After being sued for the contamination, Spartan was successful in obtaining summary judgment because the statute of limitations had run. Spartan then notified its insurer that it was seeking reimbursement of its defense costs based on its commercial motor vehicle liability policy that applied during the 1992 – 1994 period. The insurer was Reliance and because it was insolvent at that time, the New Jersey Property-Liability Guaranty Association (NJPLIGA) was responsible for the policies issued by Reliance. NJPLIGA denied Spartan's claim of coverage based on the pollution exclusion that stated there was no coverage for BI or PD arising out of the actual discharge or escape of pollutants “after the pollutants … are moved from the covered auto to a place where they are finally delivered … by the insured”.
Spartan filed the present action seeking a declaratory judgment that it was entitled to reimbursement but the trial court sided with the NJPLIGA. This appeal followed.
Spartan contended that the trial court erred in looking beyond the face of the original complaint against Spartan and considered underlying facts. More specifically, Spartan argued that the fundamental flaw in the trial court's reasoning was that it made determinations as to when the delivery was complete and when the discharge occurred and whether the delivery was made correctly, and these points were not relevant to the coverage determination. Spartan said that the complaint against it alleged negligence during the delivery of the heating oil and so, the pollution exclusion as worded in the auto policy did not apply.

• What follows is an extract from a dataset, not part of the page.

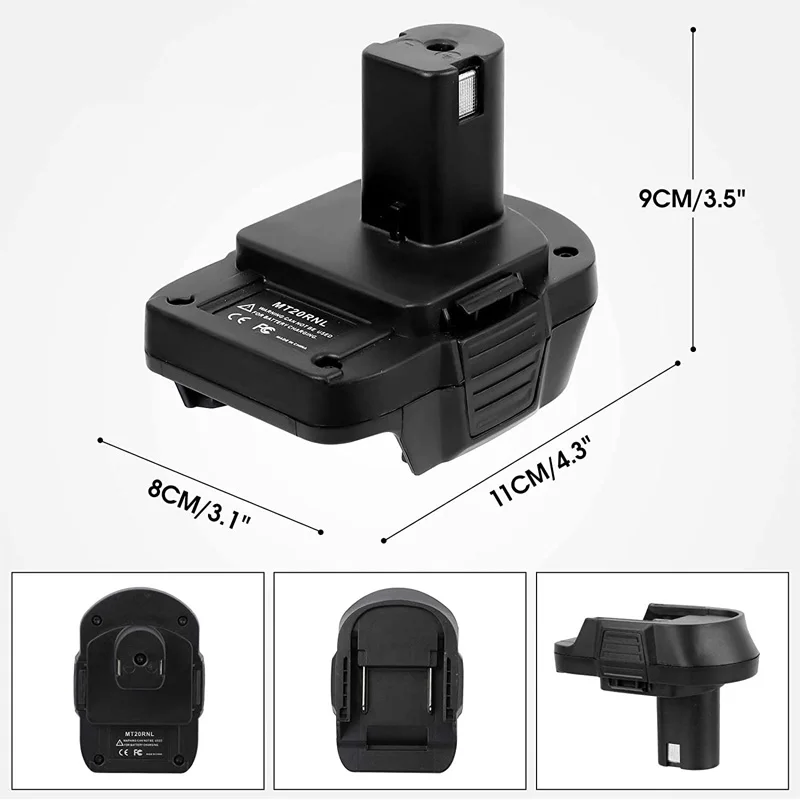 Imagem -05 - Li-ion Bateria Adaptador para Makita Makita Dewalt Milwaukee 18v Mt20rnl Dm18rl Converter para Ryobi 18v Uso da Ferramenta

The appeals court noted that the original complaint actually contained no explicit allegation that the negligence occurred during delivery of the oil or after the oil was finally delivered. However, the reference in the complaint to “the fuel oil delivered” implied that the delivery had already occurred. A review of the policy language showed that the exclusion unambiguously applied after final delivery of the oil. The court said that it was not aware of legal authority that explicitly defines “delivery” or “finally delivered”, but the common sense definition means “giving into another's possession”. So, although the fuel oil discharge and the resulting contamination occurred while the fuel oil was traveling through the pipes toward the tank, the court found that this occurred after Spartan Oil deposited the oil from its truck into the heating oil system. As such, Spartan Oil had already surrendered, that is, delivered, the fuel oil in any rational meaningful and unambiguous way.

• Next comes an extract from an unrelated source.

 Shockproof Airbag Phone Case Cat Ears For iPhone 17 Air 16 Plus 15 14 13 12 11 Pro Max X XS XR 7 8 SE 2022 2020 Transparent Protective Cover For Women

Whether the term is “delivered” or “finally delivered”, the court said, delivery of the oil occurred upon the fuel entering the property and heating system of the customer. At that point, Spartan no longer had possession or control of the oil; it had been transferred into the possession of the customer. It was the discharge of the oil into the heating system that constituted final delivery and this triggered the pollution exclusion.

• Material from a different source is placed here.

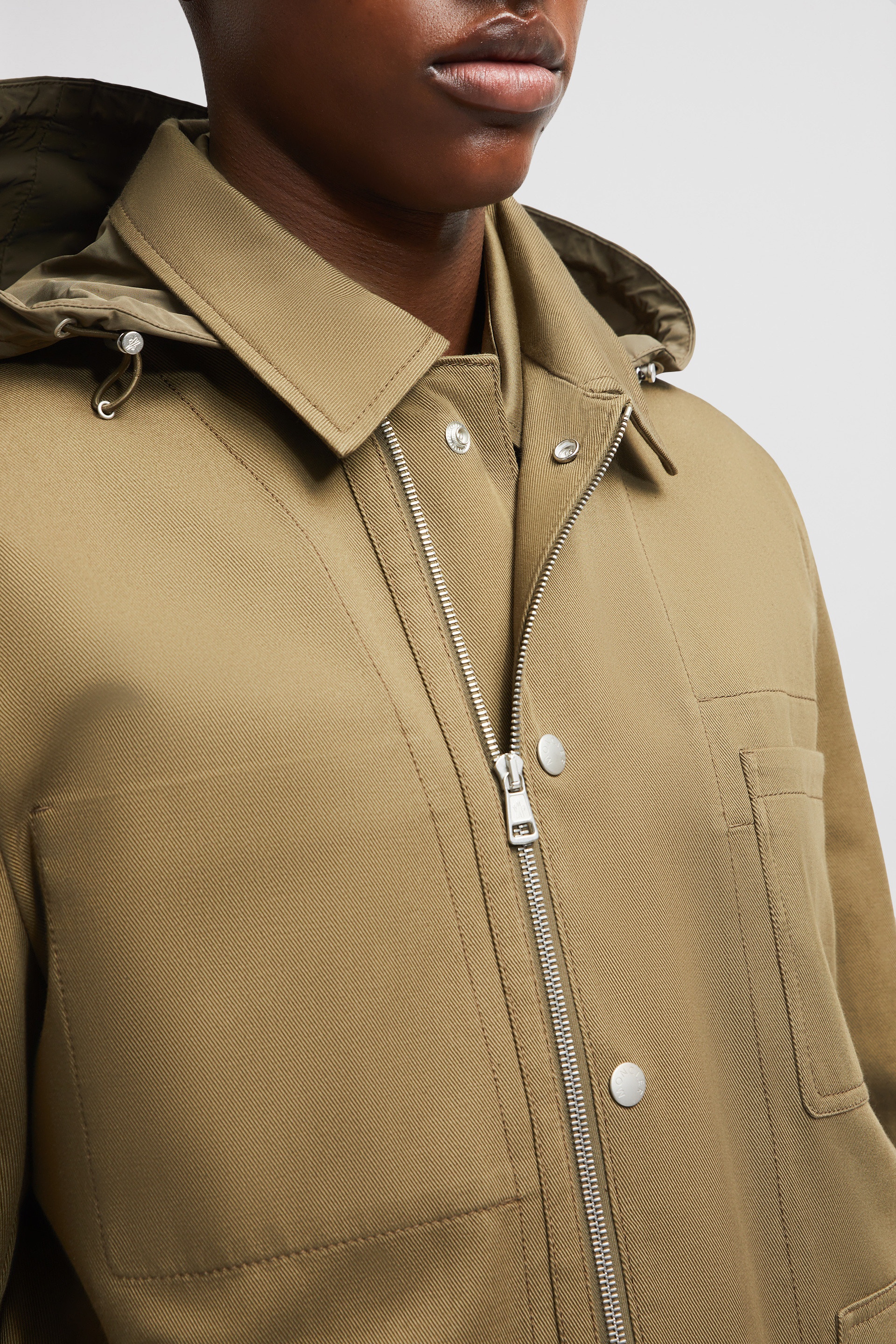 Guerledan Hooded Cotton Shirt Jacket - 6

The ruling of the trial court was affirmed.
Editor's Note: The phrase “finally delivered” appears in many liability policies and is usually associated with an exclusion. Since the policies do not define or clarify the phrase, it is appropriate to have a court do so. The Superior Court of New Jersey , Appellate Division, held in this case that “finally delivered” means placing the property into the possession of the customer. The insured in this instance no longer had possession or control of the heating oil, and even though the actual escape of the oil occurred while the oil was flowing through the pipe, the transfer of control and possession had been made and the pollutant was “finally delivered”.